Segundo Nkondo, “os ditos privados como a rádio Despertar, da UNITA, e rádio Eclésia, da Igreja Católica, fazem a mesma coisa com listas de pessoas proibidas de falar, como eu próprio que estou proibido de falar na Despertar e na Eclésia”.
Por sua vez, Teixeira Cândido, disse que foram apanhados de surpresa.
“Não acredito que alguém compre um título para extingui-lo um ano depois, isto deixa o Sindicato surpreso e estupefacto com isto de comprarem jornal e depois guardar na gaveta, não é uma situação normal”, considerou então Teixeira Cândido, para quem “de certo modo é um ambiente de intranquilidade para a classe jornalística e para o próprio jornalismo”.
Um dos directores do referido jornal, Joaquim Maciel, assegurou à VOA que não conhecia quem eram os novos donos e nem sabia que futuro reserva a publicação reestruturada.
A verdade é que o regime gizou, nos últimos anos, uma estratégia para “assassinar” a imprensa privada, cuja pujança assentava em títulos de vários proprietários. Pensava-se então que Angola caminhava para a democracia e para ser um Estado de Direito.
Preocupado com a diversidade de opinião, muitas descomprometidas com as amarras do poder, o regieme/MPLA nada mais fez do que estabelecer uma OPAC (Oferta Pública de Aquisição Coerciva) sobre os meios de comunicação sociais privados.
Ou seja, Semanário Angolense (com uma cláusula, impedindo os seus jornalistas de voltarem a escrever, durante um longo período); A Capital; Agora; Independente e Factual (ambos ligados a agentes da Segurança de Estado); Angolense; Novo Jornal; Continente.
Com a aquisição destes órgãos e o controlo absoluto, total e inequívoco dos meios de comunicação sociais públicos: Rádio Nacional, Jornal de Angola, Televisão de Angola (canal II e TPA Internacional, entregues sem concurso público a dois filhos do Presidente da República) e ANGOP – Agência de Notícias, o regime deixou de ter na imprensa um elemento fiscalizador e de denúncia, porquanto agora tudo é a voz do dono.
Nesta selva a única excepção é o Folha 8, alvo de todas as perseguições e chantagens, destacando-se os mais de 100 processos judiciais conhecidos contra o nosso director, William Tonet. Conhecidos porque deverão haver muitos outros, assinados em branco, prontos a saltarem da gaveta dos donos do país.

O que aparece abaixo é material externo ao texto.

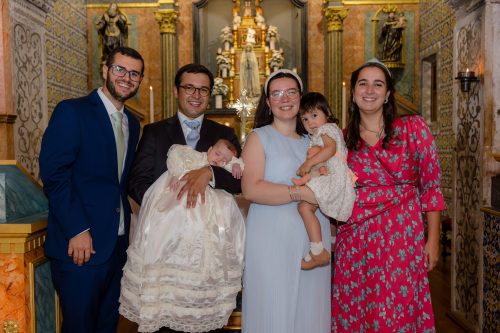 00473- Baptizado Maria Caetana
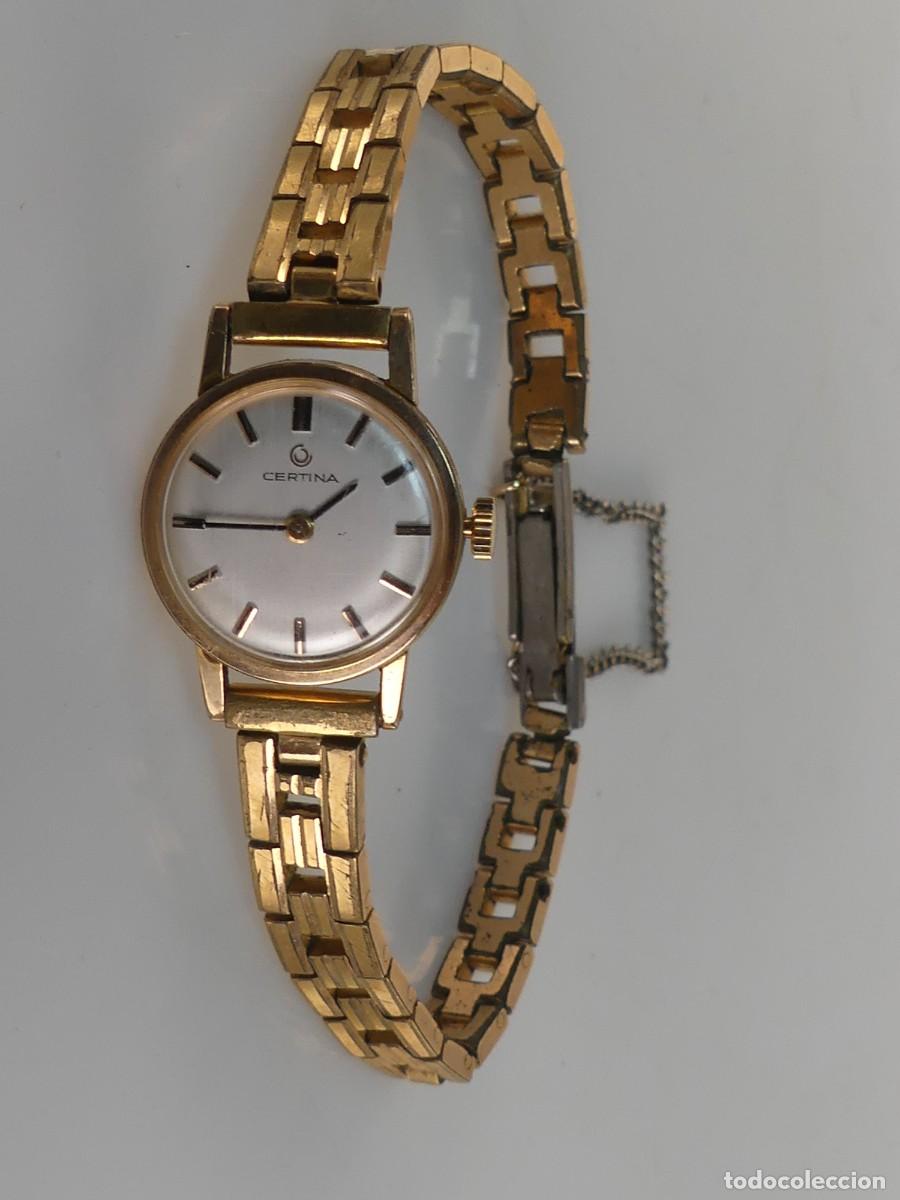 Montres: RELOJ DE PULSERA MARCA CERTINA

Com esta estratégia, com um toque de mágica, vários grupos empresariais de homens do poder, sem qualquer capital financeiro, mas munidos apenas de capital partidocrata, como arma bastante para escancarar as portas dos cofres onde deverão estar o nosso dinheiro, roubam milhões de dólares para corromper jornalistas e adquirir os seus jornais.
Milhões esses que também se estenderam a Portugal, onde são cada vez mais as empresas de comunicação social que estão nas mãos de homens do regime e que, como outras, também ajudam a branquear o que for necessário.
Todos nos recordamos que uma legião de gestores e jornalistas portugueses, foram então desembarcando por cá para dirigir as novas pérolas dos dirigentes angolanos, com salários chorudos, nunca antes praticados no mercado, tudo visando matar a liberdade de imprensa e de expressão e assim amordaçar a incipiente democracia.
Porquê os Jornalistas? Porque a verdade é incómoda.
Em Angola, mas não só, apesar da guerra que o Governo-regime move aos Jornalistas, não faltam ministros, deputados e políticos em geral (todos de pistola no bolso) a dizer que a liberdade de Imprensa é um valor sagrado. Sagrado sim desde que não toque nos interesses instalados, desde que só diga a verdade oficial.
No tempo em que existiam Jornalistas, dizia-se que se o jornalistas não procura saber o que se passa é um imbecil, e que se sabe o que se passa e se cala é um criminoso.
Hoje, o “jornalista” que não procura saber o que se passa é inteligente, e o que sabe o que se passa e se cala é um óptimo assessor, deputado, administrador ou até ministro.